Nice, that makes perfect sense. That was really a bizarre metaphor even if it got the point across. Why would someone try to thread a needle with a camel?
yeahhh. . . “supposedly”, but reading it in the full context it sure sounds like the opposite.
2 “The teachers of the law and the Pharisees sit in Moses’ seat.
3 So you must be careful to do everything they tell you. But do not do what they do, for they do not practice what they preach.
4 They tie up heavy, cumbersome loads and put them on other people’s shoulders, but they themselves are not willing to lift a finger to move them.
Or arguably not.

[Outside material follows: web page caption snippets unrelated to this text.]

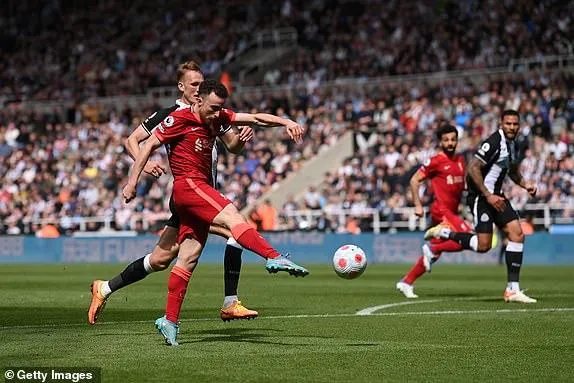 Pha dứt điểm rất mạnh của Jota không thắng được thủ môn Dubravka. ẢNH: GETTY Pha dứt điểm rất mạnh của Jota không thắng được thủ môn Dubravka. ẢNH: GETTY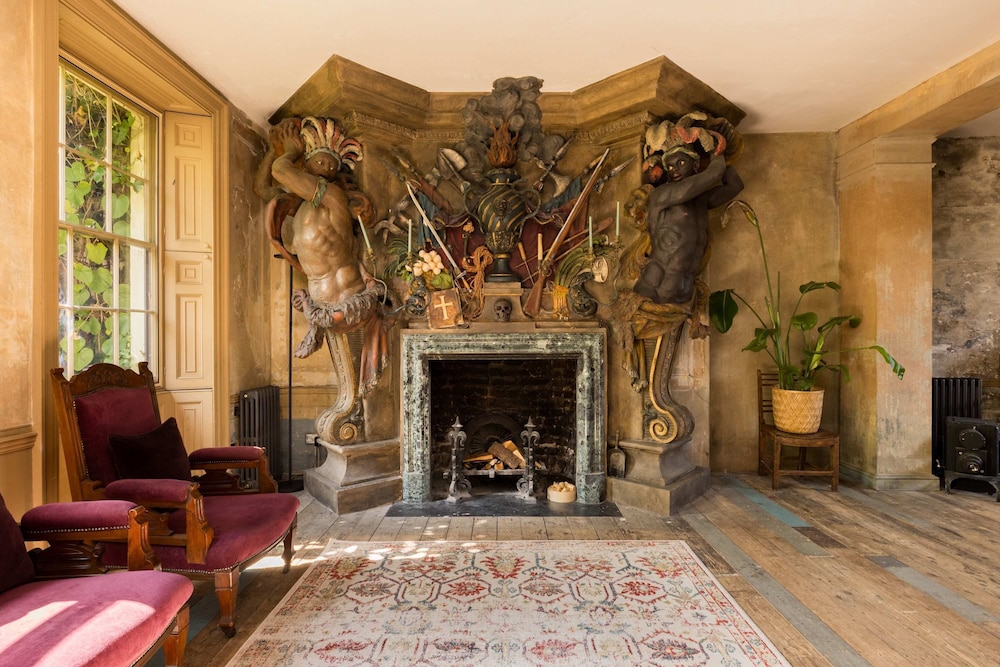 Extraordinary Grade Ii-listed Early Georgian Home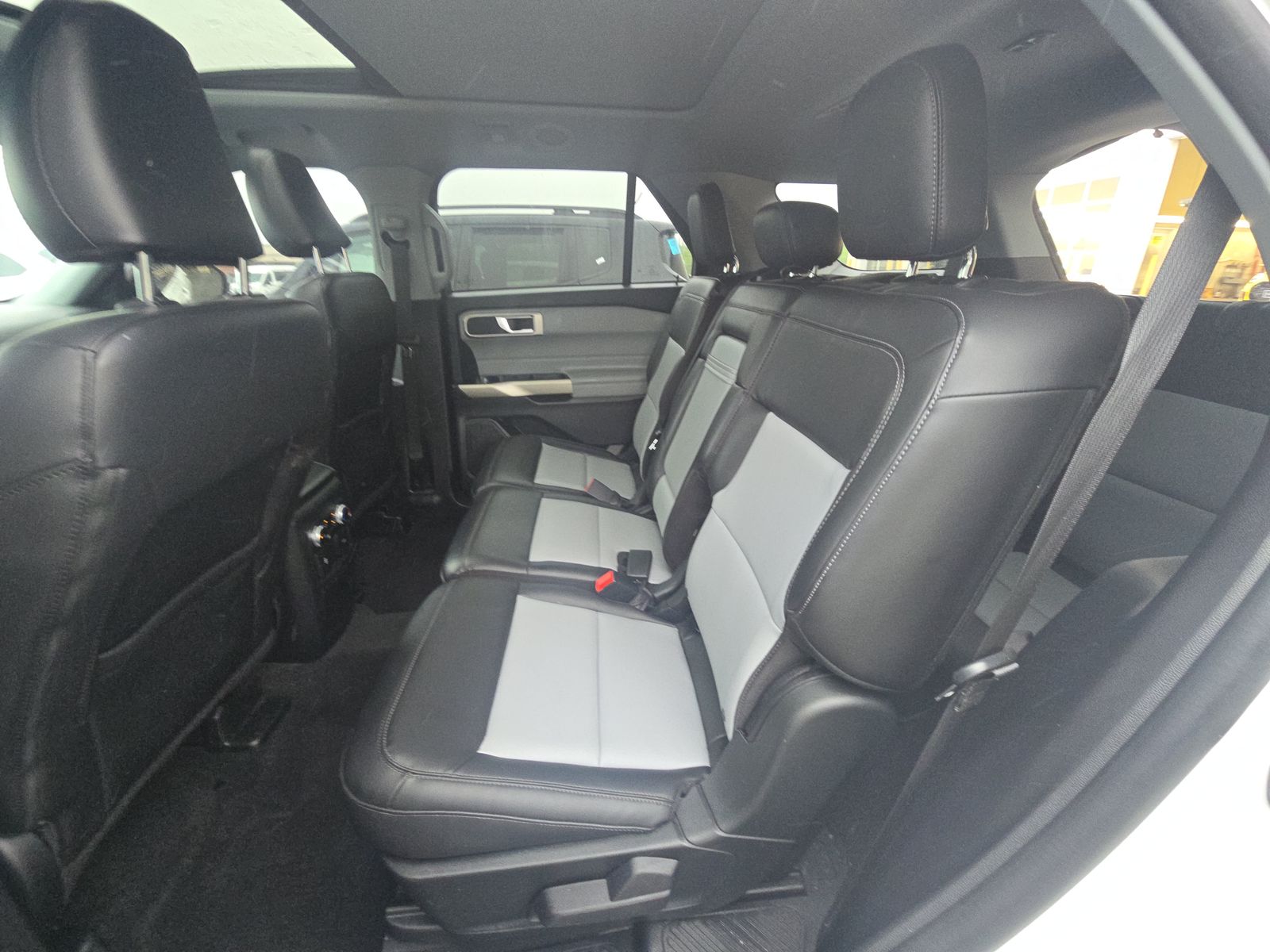 2022 Ford Explorer XLT AWD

You’ll find plenty of people on the internet arguing that comparing stuff to camels and needles was perfectly normal at the time.
See here for an example:
http://www.biblicalhebrew.com/nt/camelneedle.htm
There does appear to some support for the argument that a camel or some other large animal was used as a metaphor for something very large and a needle’s eye as a metaphor for a very small space.
If that argument is correct he’d have been referencing an allegory/metaphor wellknown to his audience or at least the religiously studied part of it.
Things that are perfectly well understood to those in the know at the time can be completely incomprehensible to later generations.
Darmok and Jalad at Tanagra indeed.
(see, that reference will mystify anyone not familiar with ST:NG).
It definitely makes sense either way, with the meaning unchanged, as long as one is aware of what the eye of the needle is and what a camel is. There is something more elegant and direct about it refering to a rope as there is direct relationship between a rope and a thread and the visualization of this would be more immediate. It wasn’t until today that I was even aware that there were serious discussions about the origin of this.
“…easier for a rich man to enter the Kingdom of Heaven than it is for the Sunday Times to fit through a standard letter box.”
Yup. Still works.
It is isn’t it.
I didn’t know anything about it either until Tamsin_Bailey posted it.
It’s very cool. In a “I like to party. And by party, I mean engage in biblical hermeneutics” sort of way.
Yes, just much less accessible to the common person. I adore Garfunkel and Oates!